We’ve taken a lot of tours in Scotland, including to many whisky distilleries. Our favourite small group tour operator in Scotland is Rabbie’s, who run a wide range of tours. They can also arrange private tours. You can see all of their whisky tours of Scotland here.
Here are some tours to consider which include whisky distilleries in Scotland, from a variety of operators. I’ll start with day trips, and then share some multi-day trips as well.
Whisky Tours from Edinburgh
Whisky Tours from Glasgow
- This private full day tour is available for multiple locations around Scotland and can be totally customised to meet your needs
- This 1 day small group tour from Glasgow visits Deanston Distillery, Glengoyne Distillery and Auchentoshan Distillery
- This full day small group tour from Glasgow visits the Clydeside Distillery and Loch Lomond, with an optional cruise on the Loch
- This private tour from Glasgow can be customised, with a suggested itinerary including Auchentoshan and Deanston distilleries
Whisky Tours from Aberdeen
Whisky Tours from Inverness
- This full day small group tour from Inverness visits Glenfiddich Distillery as well as Loch Morlich and the Cairngorms National Park
- This full day small group tour from Inverness visits Benromach and Glenfiddich Distilleries, as well as Elgin and Strathspey
- This 1 day small group tour from Inverness visits the Talisker distillery on the Isle of Skye, as well as photo opportunities at the Fairy Pools, Urquhart Castle and Eilean Donan Castle.

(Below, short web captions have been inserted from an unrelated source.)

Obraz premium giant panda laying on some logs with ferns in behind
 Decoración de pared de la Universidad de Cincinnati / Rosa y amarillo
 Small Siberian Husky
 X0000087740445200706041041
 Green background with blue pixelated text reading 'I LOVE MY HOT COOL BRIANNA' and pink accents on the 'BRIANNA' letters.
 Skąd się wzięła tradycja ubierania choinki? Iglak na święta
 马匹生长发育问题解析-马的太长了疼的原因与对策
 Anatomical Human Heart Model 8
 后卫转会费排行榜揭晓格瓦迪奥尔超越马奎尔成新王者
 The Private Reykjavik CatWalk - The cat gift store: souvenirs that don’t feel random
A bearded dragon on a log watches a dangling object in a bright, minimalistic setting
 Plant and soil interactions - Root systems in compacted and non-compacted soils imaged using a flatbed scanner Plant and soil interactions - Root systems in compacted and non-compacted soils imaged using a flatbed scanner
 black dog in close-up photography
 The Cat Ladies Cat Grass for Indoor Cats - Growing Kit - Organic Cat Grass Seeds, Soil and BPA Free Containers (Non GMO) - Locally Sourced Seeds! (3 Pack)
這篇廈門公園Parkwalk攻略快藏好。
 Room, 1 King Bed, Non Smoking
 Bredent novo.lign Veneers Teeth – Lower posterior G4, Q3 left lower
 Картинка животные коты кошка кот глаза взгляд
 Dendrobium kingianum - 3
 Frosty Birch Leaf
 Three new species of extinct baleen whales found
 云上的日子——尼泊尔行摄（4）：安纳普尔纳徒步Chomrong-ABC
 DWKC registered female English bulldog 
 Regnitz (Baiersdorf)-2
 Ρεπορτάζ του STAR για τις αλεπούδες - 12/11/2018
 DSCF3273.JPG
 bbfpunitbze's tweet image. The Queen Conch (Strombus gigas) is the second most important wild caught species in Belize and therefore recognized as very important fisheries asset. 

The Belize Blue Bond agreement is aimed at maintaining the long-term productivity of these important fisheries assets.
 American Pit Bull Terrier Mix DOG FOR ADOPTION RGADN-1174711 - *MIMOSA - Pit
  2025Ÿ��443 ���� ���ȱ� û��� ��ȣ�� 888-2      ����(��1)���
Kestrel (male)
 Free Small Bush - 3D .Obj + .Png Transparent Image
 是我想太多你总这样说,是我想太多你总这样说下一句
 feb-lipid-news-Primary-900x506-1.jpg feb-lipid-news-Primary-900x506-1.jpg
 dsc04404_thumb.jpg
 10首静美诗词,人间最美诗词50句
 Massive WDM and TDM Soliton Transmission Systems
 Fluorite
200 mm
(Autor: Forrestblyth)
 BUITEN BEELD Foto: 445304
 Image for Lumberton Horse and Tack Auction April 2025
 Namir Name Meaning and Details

- This whisky focused full day tour from Inverness visits Tomatin, Glen Moray, The Macallan, Aberlour and Glen Ord distilleries, and includes entry and tastings at all of them
Multi-Day Whisky Tours in Scotland
If you want a more thorough immersion into the world of Scottish whisky, you might consider a multi-day whisky tour. These will let you experience more distilleries, as well as see more of what Scotland has to offer. Some suggested tours are as follows.
One thing to mention for all the tours is that tour schedules can change due to distillery operations or for other factors. As such, if you are booking a tour and want to visit a specific distillery, it is worth confirming it is definitely visiting the distillery!
Whisky Distilleries in Scotland
I’ll now go through some of the whisky distilleries in Scotland you can visit. To make this easier to navigate, I’ve divided this up by popular destinations in Scotland.
So if you are visiting Edinburgh for example, I’ve put some distilleries together that you can visit easily as a day trip from Edinburgh. Where possible, I’ve also included suggested guided tours that include each of our recommended distilleries.
Whisky Distilleries You Can Visit from Edinburgh
Edinburgh is one of the most well known and popular cities to visit in Scotland. However, it is not home to a great many whisky distilleries. However, it is a good base from which to visit a number of Lowland distilleries, and there is one operational distillery you can visit in the city, as well as an excellent whisky themed attraction.
In the city itself, you can visit the Holyrood Distillery. This opened in 2019 in a former railway goods shed, and is around 10-15 minutes walk from the city centre. Because it’s so new, their whisky is still maturing. However, you can tour the distillery and learn about the whisky making process.
Another excellent option in Edinburgh city centre is the Scotch Whisky Experience. Whilst they don’t actually make whisky here, it’s a great place to learn about the history of whisky, how its made and the various regions and associated flavours. The tour is very interactive and a lot of fun. There’s also an excellent tasting session, as well as the opportunity to see the world’s largest whisky collection. A great first-stop on any whisky tour of Scotland.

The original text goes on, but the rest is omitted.